2. The method as in claim 1 wherein said temporal feature information comprises at least one of: energy zerocrossing rate energy envelope that represents various nature of audio signal.
3. The method as in claim 1 wherein said method further comprises using lag of first zerocrossing point of autocorrelation sequence for detecting at least one of noise transients and white Gaussian noise frames.
4. The method as in claim 1 wherein said method determines feature information and wherein said feature information comprises at least one of: decaying energy ratios amplitude lag of minimum peak amplitude lag of maximum peak zerocrossing rate from said autocorrelation of said signal for discriminating said voice signals from said non-voice signal.
5. The method as in claim 4 wherein said method determines decaying energy ratios from said autocorrelation sequence to provide accurate characterizing of at least one of said voice signal and other background sounds.
6. The method as in claim 1 wherein said sending further comprises receiving signal block from signal block division module and computing temporal features for said signal block.
7. The method as in claim 1 wherein said method further comprises estimating noise floor from at least one of total variation residual and said total variation filtered signal envelope which provides discrimination of said voice signal from said non-voice signal in said input signal.
8. The method as in claim 1 wherein said method further comprises performing sampling rate conversion depending on the voice processing applications on said received input signal.
9. The method as in claim 1 wherein said method further comprises:
receiving total variation filtered signal frame from signal frame division module;
computing said temporal feature information for said signal frame;
comparing said feature information to pre-determined thresholds;
sending said non-silent signal frame to Voice/Non-voice frame classification (VNFC) module;
generating binary flag 0 information; and
sending said binary flag 0 information to said BMDS module.
10. The method as in claim 1 wherein said sending further comprises extracting feature information from said input signal by a hierarchical decision-tree (HDT).
11. The method as in claim 10 wherein said HDT sends at least one of silent or non-silent signal to at least one of voice endpoint storing (VES) module or total variation filtering module by comparing said temporal features to pre-determined threshold.

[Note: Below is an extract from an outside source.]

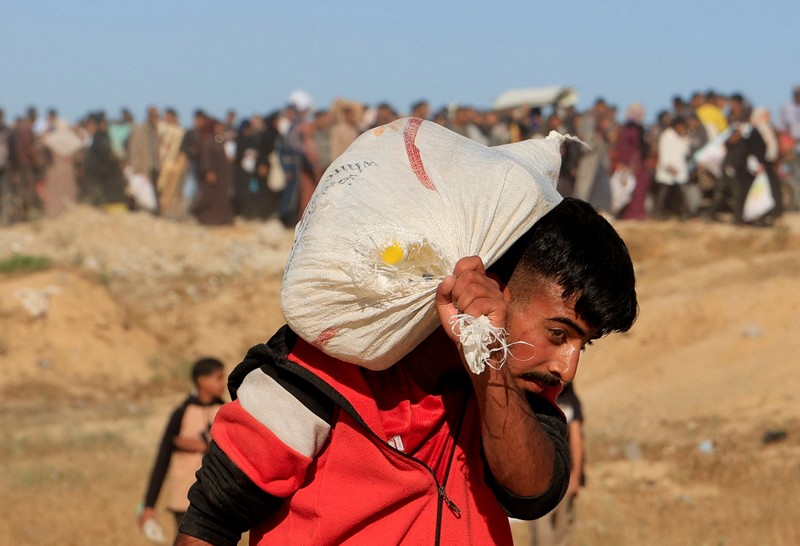 Ratusan warga Palestina berlarian saat mereka bergegas memasuki lokasi bantuan yang dikelola oleh Yayasan Kemanusiaan Gaza (GHF) di Jalur Gaza (12/6/2025). (Istimewa) Ratusan warga Palestina berlarian saat mereka bergegas memasuki lokasi bantuan yang dikelola oleh Yayasan Kemanusiaan Gaza (GHF) di Jalur Gaza (12/6/2025). (Istimewa)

12. A system for voice activity detection (VAD) in adverse environmental conditions wherein said system is configured for:
receiving input signal from at least one source;
classifying said input signal into at least one of a silent or non-silent signal block by comparing temporal feature information;
sending said at least one of silent or non-silent signal block to at least one of voice endpoint storing (VES) module or total variation filtering module by comparing said temporal feature information to the pre-determined thresholds;
determining endpoint information of at least one of a voice signal or non-voice signal;
employing total variation filtering for enhancing speech features and suppressing noise levels in non-speech portions;
determining noise floor in said total variation filtered signal domain;
determining feature information in autocorrelation of said total variation filtered signal sequence;
determining binary-flag merging and deletion (BSMD) based on the pre-determined duration threshold on said determined feature information;
determining voice endpoint correction based on the short-term temporal feature information after said determined binary-flag merging and deletion; and
outputting said input signal with said voice endpoint information.

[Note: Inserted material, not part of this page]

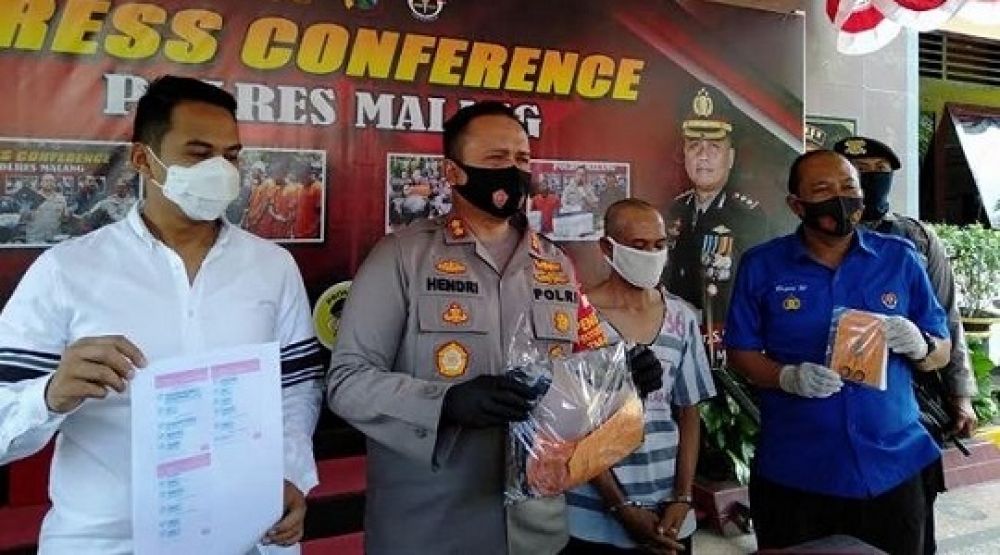 Kapolres Malang AKBP Hendri Umar saat merilis kasus pencabulan yang dilakukan NS kepada anak kandungnya di Mapolres Malang, Kamis (9/7).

13. The system as in claim 12 wherein said system comprises a VNFC module that is configured for:
receiving said non-silent signal frame from silent/non-silent frame classification (SNFC) module;
computing normalized single-sided Autocorrelation sequence of said non-silent signal frame;
computing features parameters for a predefined lag range of said autocorrelation sequence;
comparing said features to said pre-determined threshold;
generating said binary flag 0 information which is sent to said BMDS module;
computing features parameters for a predefined lag range of said autocorrelation sequence based on said comparison;
comparing said features to said pre-determined threshold;
generating at least one of binary-flag 1 or binary flag-0; and
sending said generated binary flag sequence information to said BSMD module.
14. The system as in claim 12 wherein said parameters comprises at least one of lag index of first zerocrossing point zerocrossing rate lag index of minimum point amplitude of minimum point lag index of maximum point amplitude of maximum point and decaying energy ratios.

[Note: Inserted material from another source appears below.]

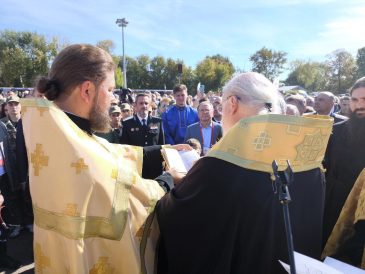 Настоятель храма принял участие в освящении походного храма на фестивале «Казачья станица Москва»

15. The system as in claim 12 wherein said BSMD is configured for:
receiving said binary flag sequence information;
finding locations of positive and negative transitions in said received binary flag sequence;
calculating difference in said locations; and
comparing said difference with said pre-determined threshold.
16. The system as in claim 12 wherein said BSMD is configured to perform at least one of: replacing binary block of 0 with another binary block of 1 replacing binary block of 1 with another binary block of 0 after said comparing.
17. An apparatus for voice activity detection in adverse environmental conditions wherein said apparatus comprising:
an integrated circuit further comprising at least one processor;
at least one memory having a computer program code within said circuit;
said at least one memory and said computer program code configured to with said at least one processor cause said apparatus to:
receive input signal from at least one source;
classify said input signal into at least one of a silent or non-silent signal block by comparing temporal feature information;
send said at least one of silent or non-silent signal block to at least one of voice endpoint storing (VES) module or total variation filtering module by comparing said temporal feature information to the pre-determined thresholds;
determine endpoint information of at least one of a voice signal or non-voice signal by said at least one of VES module or total variation filtering module;
employ total variation filtering by said total variation filtering module for enhancing speech features and suppressing noise levels in non-speech portions;
determine noise floor in said total variation filtered signal domain;
determine feature information in autocorrelation of said TV filtered signal sequence;
determine binary-flag merging and deletion (BSMD) based on the pre-determined duration threshold on said determined feature information by BSMD module;
determine voice endpoint correction based on the short-term temporal feature information after said determined binary-flag merging and deletion; and
output said input signal with said voice endpoint information.
18. The apparatus as in claim 17 wherein said apparatus is configured to extract said temporal features from said input signal by a signal block division (SBD) module.
19. The apparatus as in claim 17 wherein said apparatus is configured to send silent signal or non-silent signal extracting feature information from said input signal using a hierarchical decision-tree (HDT) in a silent/non-silent block classification (SNBC) module.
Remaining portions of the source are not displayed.